This was supposed to be a nice holiday, if you can call 850km of gravel riding up and down 16,000 metres worth of hills a holiday... but I’m on top of a hill near Ljubljana in the pissing rain and sloppy mud, exactly the same hill I was at the top of what feels like bloody hours ago, because it probably was. I’m only about 10km into that 850km and it’s all gone to shit, quickly.
I’ve been sold the Seven Serpents gravel event by my partner Claire, who visited the area a while back and professes that it’s a lovely place to ride a bike. Pictures do seem to back up that claim, plus it’s an area of Europe I’ve never visited before and I’m always keen to colour in new bits of the map.

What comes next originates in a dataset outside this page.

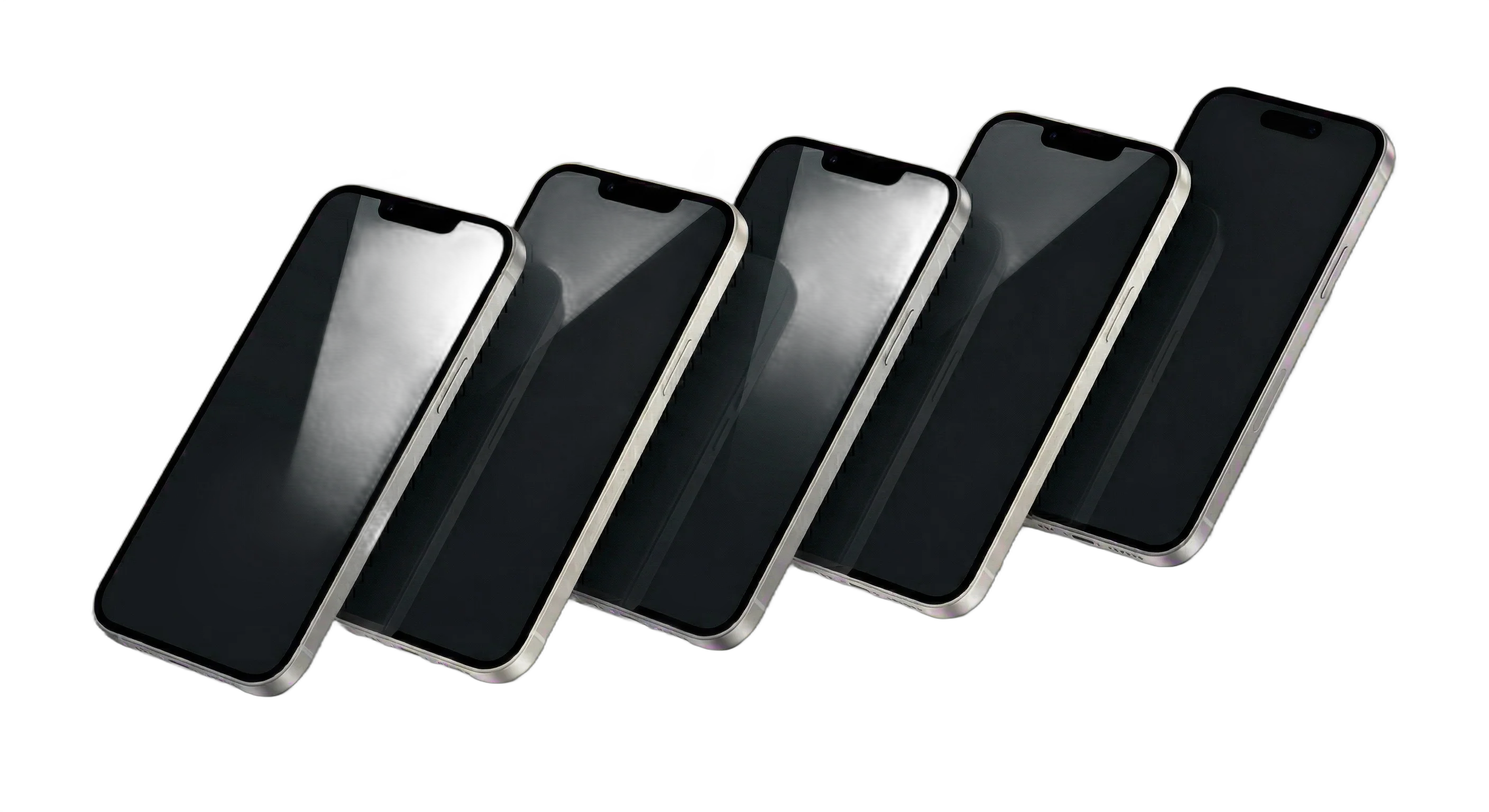 Smartphones in a flowing diagonal stream representing constant supply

The Seven Serpents is an unsupported bikepacking challenge with a set route that starts in the Slovenian capital of Ljubljana and snakes its way down through Croatia, across the top of the Adriatic via ferries and the islands of Krk and Cres before finishing in the port city of Trieste in Italy. It has a sister event called the Mini Bite that’s run the week previously over a shorter, more relaxed 500km distance for those that want a nice warm-up to the season, or those less experienced in bikepacking. This year it was held in perfect conditions, with riders pedalling up sunny off road hills and through dusty deserted villages.
It seemed like Claire was right, it was going to be lovely... until the weather forecast thought different, and a massive bruise-coloured mass of rain was going to sweep across Europe just in time for our Severn Serpents trip. And so we find ourselves on the start line in the rain, with a long day of rain ahead of us and plastic bags between our socks and shoes. If I wanted this sort of thing I could have stayed home in the UK.
We’ve not even summited the first hill when my rear tyre feels a little squishy. It’s the prefect damp and gritty conditions for something sharp to weasel its way into a tyre, so seems reasonable. I tell Claire to carry on while I pump the tyre up, hoping the hole seals and I’ll catch her up.
I’m riding the Seven Serpents together with Claire, and while we have both done lots of multi-day events separately and loads of bikepacking trips together, we’ve never entered an ultra event as a bona fide pair.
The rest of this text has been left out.